RPG Classics Mailbag #22
Okay, time for another mailbag. The question: "If you were the producer of Big Brother, and you could put five RPG characters in the house, who would you choose, and what would the results?" The number of responses: 8. The number of people following the rules I outlined: 0. No surprises there... rules are meant to be broken after all. Anyway, I got exactly the amount of responses I usually post, so I guess I'll be posting all of them... even if some of them seem rather... unfinished. Like this first one, by Dratini VIII, for instance...
"Gee, I guess I would have Squall and Locke in there.
Locke: Yeah, and put us with the three finest RPG chicks around. Start
No, that's it, nothing else. Like I said, seems rather unfinished, doesn't it? I've got another one much like it... from Faris Satzenine. I like the way it was entitled though: Oh Brother.
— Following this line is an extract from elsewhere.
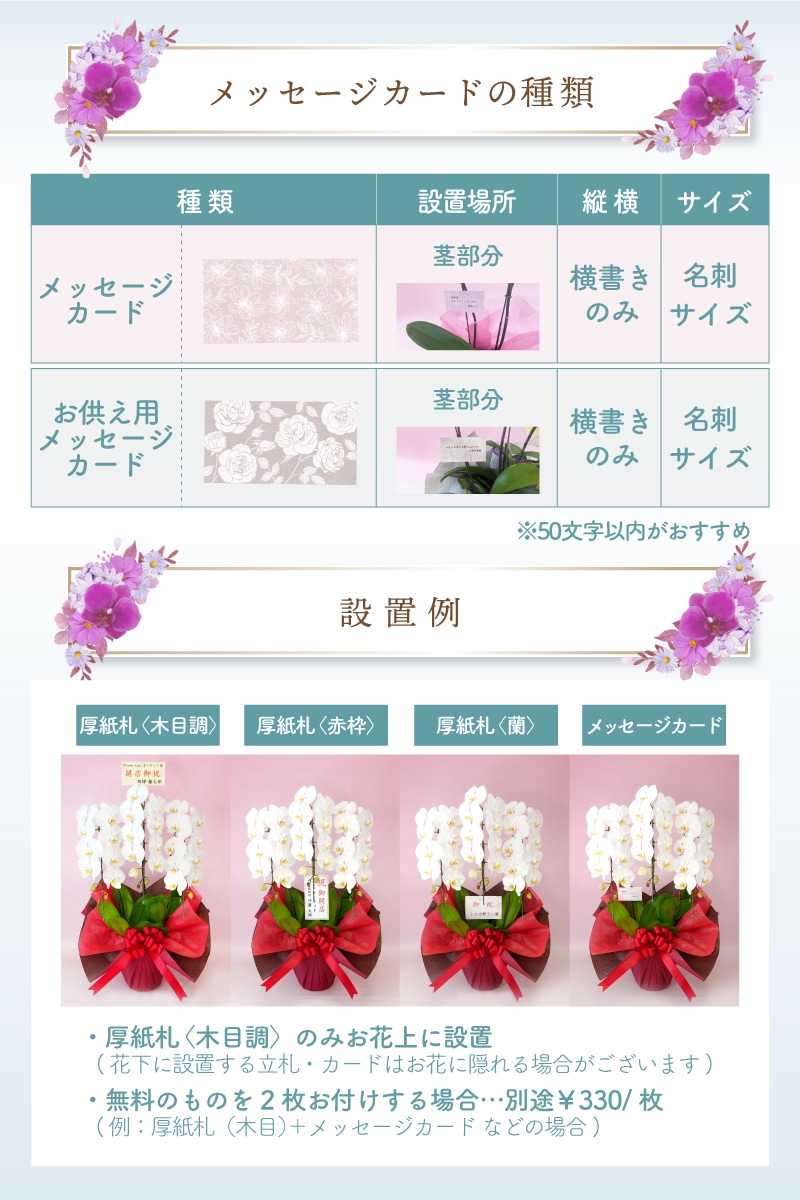 中輪胡蝶蘭「ジェシーズガール」7本立ち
"If I could put 5 Final Fantasy characters in Big Brother I would like to see Zemus, Ex-Death, Kefka, Sephiroth, and Ultimecia. 5 last bosses in a house. Why? Well I'm not quite sure why, but to see an alien, a tree, a psychopath, an artificially infused god, and a sorceress live together in a house to talk about how close they were in global conquest, annihilation, compression, etc... or what drove them all to insanity. By doing this I think we would think twice before we pound them at the end of each game. Bad guys deserve respect too and I think Dark Macc would agree with me as well."
Yeah, but who cares about what Dark Macc thinks?
Shut up, Exdeath.
*sigh* Fine then, don't shut up.
You can't tell me what to do! If I want to shut up, I'll shut up! So there!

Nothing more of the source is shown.